17.02.2023 - Regard d'expert

Alors que l’UE a fait du développement de l’hydrogène une de ses priorités énergétiques, les pays membres sont aujourd’hui divisés en deux camps, s’inquiète l’économiste dans une tribune au “Monde”.

L’Union Européenne (UE) a fait du développement de l’hydrogène une priorité. Le plan REPowerEU a fixé des objectifs ambitieux d’ici à 2030. Le droit de la concurrence a fait une entorse à son rejet des aides d’État en reconnaissant que l’hydrogène pouvait constituer un projet important d’intérêt européen commun (PIIEC) dont les deux premières vagues (portant sur la fabrication des technologies clés et le développement des usages) représentent 10,6 milliards d’euros d’autorisations d’aides d’État par la Commission. La création d’une banque de l’hydrogène a été décidée, dotée de 3 milliards d’euros.

Sur le plan normatif, l’UE est aussi en train d’agir au travers du projet actuellement en discussion de révision de la directive sur l’énergie renouvelable (dit “RED 3”) et de la directive hydrogène et gaz. Le projet RED 3 donne une impulsion majeure à l’hydrogène en fixant – du moins est-ce la proposition de la Commission – des objectifs ambitieux d’hydrogène renouvelable électrolytique, c’est-à-dire d’hydrogène produit par fragmentation de la molécule d’eau, d’ici à 2030 et 2035 dans l’industrie.

Est-ce à dire que tout soit pour le mieux ? Sans doute pas. Car l’un des points essentiels de cette réforme est la prise en compte du type d’énergie primaire utilisé pour atteindre cette cible. L’UE est divisée. Huit États membres, réunissant la France et sept États d’Europe centrale et orientale – dont la Hongrie et la Pologne – ont envoyé, le 25 octobre 2022, une lettre à la Commissaire à l’énergie, demandant que l’hydrogène décarboné d’origine nucléaire soit pris en compte dans les objectifs retenus.

 

Une question environnementale

La disposition a été reprise par la présidence tchèque de l’UE, et soutenue par une coalition industrielle dans un courrier du 28 novembre, réunissant autour de France Hydrogène les représentants des filières européennes des futurs principaux utilisateurs d’hydrogène décarboné.

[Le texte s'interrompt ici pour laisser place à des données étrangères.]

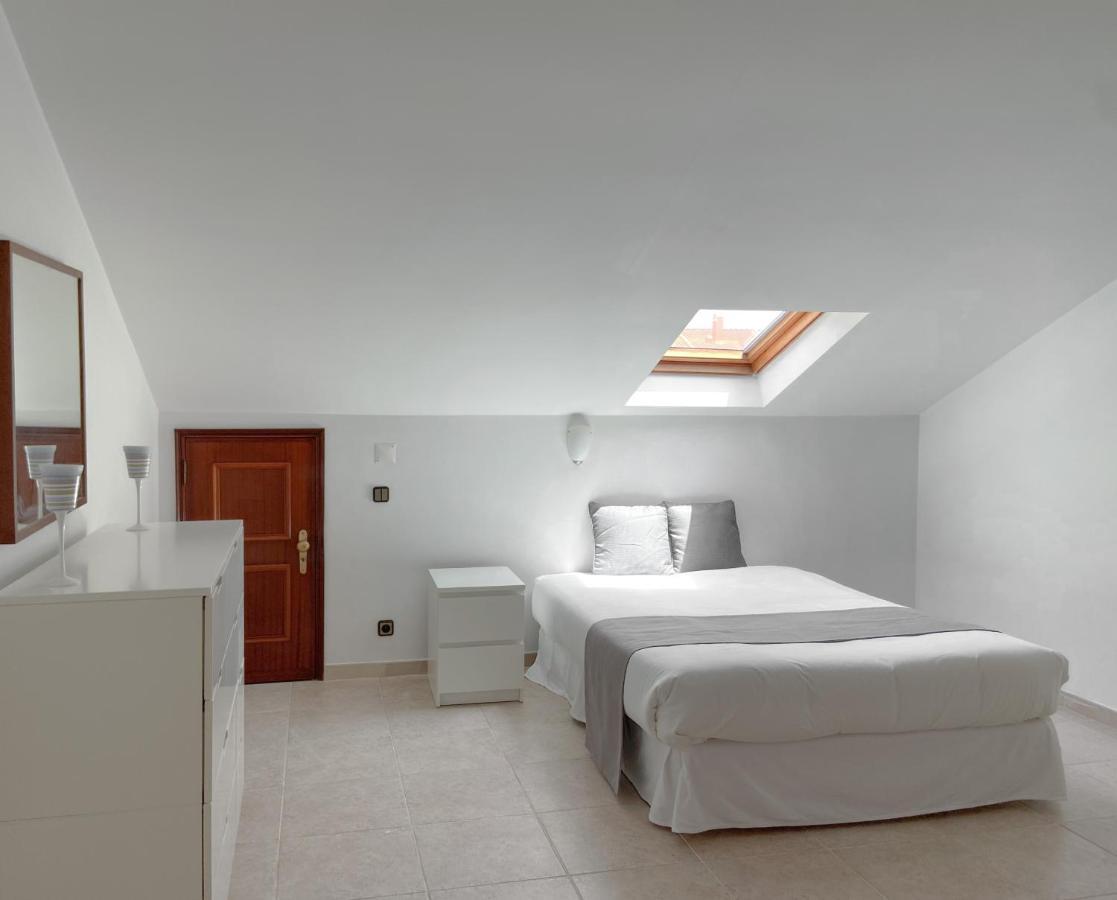 Supertubos Beach Villa Атогиа-да-Балейя Экстерьер фото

Plusieurs États membres s’y opposent. L’Allemagne, après avoir rejoint la position française à travers l’accord de solidarité énergétique du 25 novembre, a changé sa position, combattant en décembre la position française.

La déclaration franco-allemande du 22 janvier semble sceller une nouvelle entente entre les deux Etats, qui s’engagent à veiller à ce que l’hydrogène “puisse être pris en compte dans les objectifs de décarbonation fixés sur le plan européen”. Cet accord pourrait permettre de faire aboutir les négociations sur la directive énergies renouvelables dans les prochaines semaines, s’il est suivi cette fois d’effets réels dans les pourparlers européens.

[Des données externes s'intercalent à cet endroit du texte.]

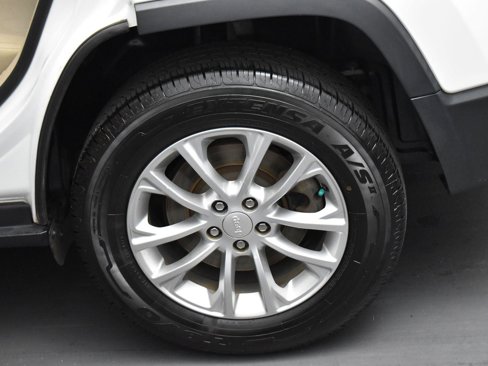 Used 2019 Jeep Cherokee Latitude w/ Popular Appearance Group image 31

Qu’il soit permis ici de dire les choses clairement : il est impératif, pour une série de raisons, que l’hydrogène décarboné, c’est-à-dire produit à partir d’énergie nucléaire, soit pris en compte dans les objectifs de l’UE.

D’abord, il s’agit d’une question environnementale. Si l’UE souhaite décarboner son économie, il y aurait quelque paradoxe, alors qu’elle s’est si lourdement trompée au cours des deux dernières décennies, à ne pas faire flèche de tout bois. C’est d’ailleurs ce qu’exigent les objectifs très ambitieux – dont il faut être fiers – dont elle s’est dotée.

 

Souveraineté européenne

C’est aussi une question essentielle pour la France, compte tenu de l’importance de la production d’électricité d’origine nucléaire. Les autorités l’ont bien compris. Cette question n’est d’ailleurs pas sans poser des difficultés. Le président de TotalEnergies le soulignait récemment : si la France veut développer une filière hydrogène, les besoins en électricité seront largement supérieurs aux moyens dégagés par le plan de relance du nucléaire.

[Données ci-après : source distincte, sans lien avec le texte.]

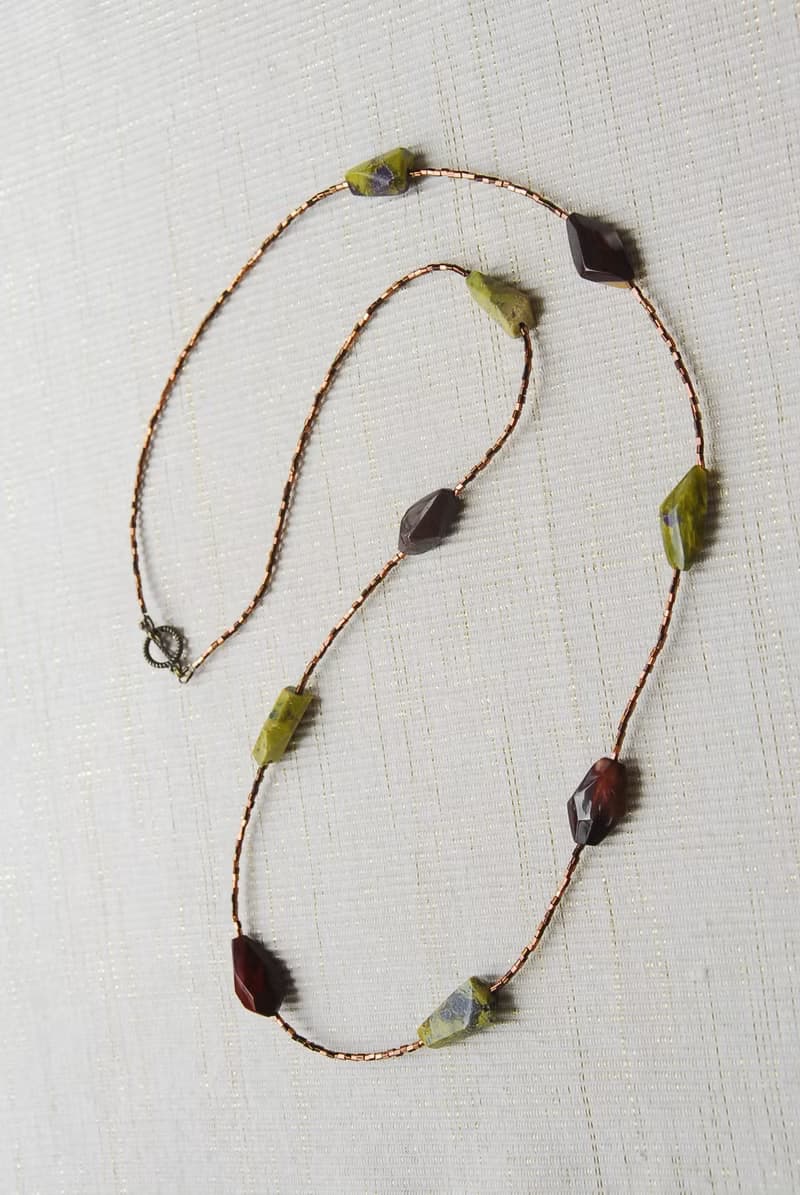 再販　ムーアカイトタンブルとアトランティサイトの秋色ネックレス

Plus largement, prendre en compte dans les objectifs européens l’hydrogène décarboné est essentiel pour l’industrie européenne, qu’il s’agisse de la chimie, des engrais, de la sidérurgie, ou de la céramique. L’UE, depuis trente ans, n’a pas su mener une politique industrielle digne de ce nom. Les résultats en sont connus.

Elle ne doit pas rater la possibilité de développer une filière hydrogène décarboné, ce qui implique une structuration complète avec à sa tête des chefs de file capables de porter le secteur. C’est la condition pour que les producteurs, distributeurs et fabricants de technologies de l’hydrogène, français et européens, deviennent des leaders.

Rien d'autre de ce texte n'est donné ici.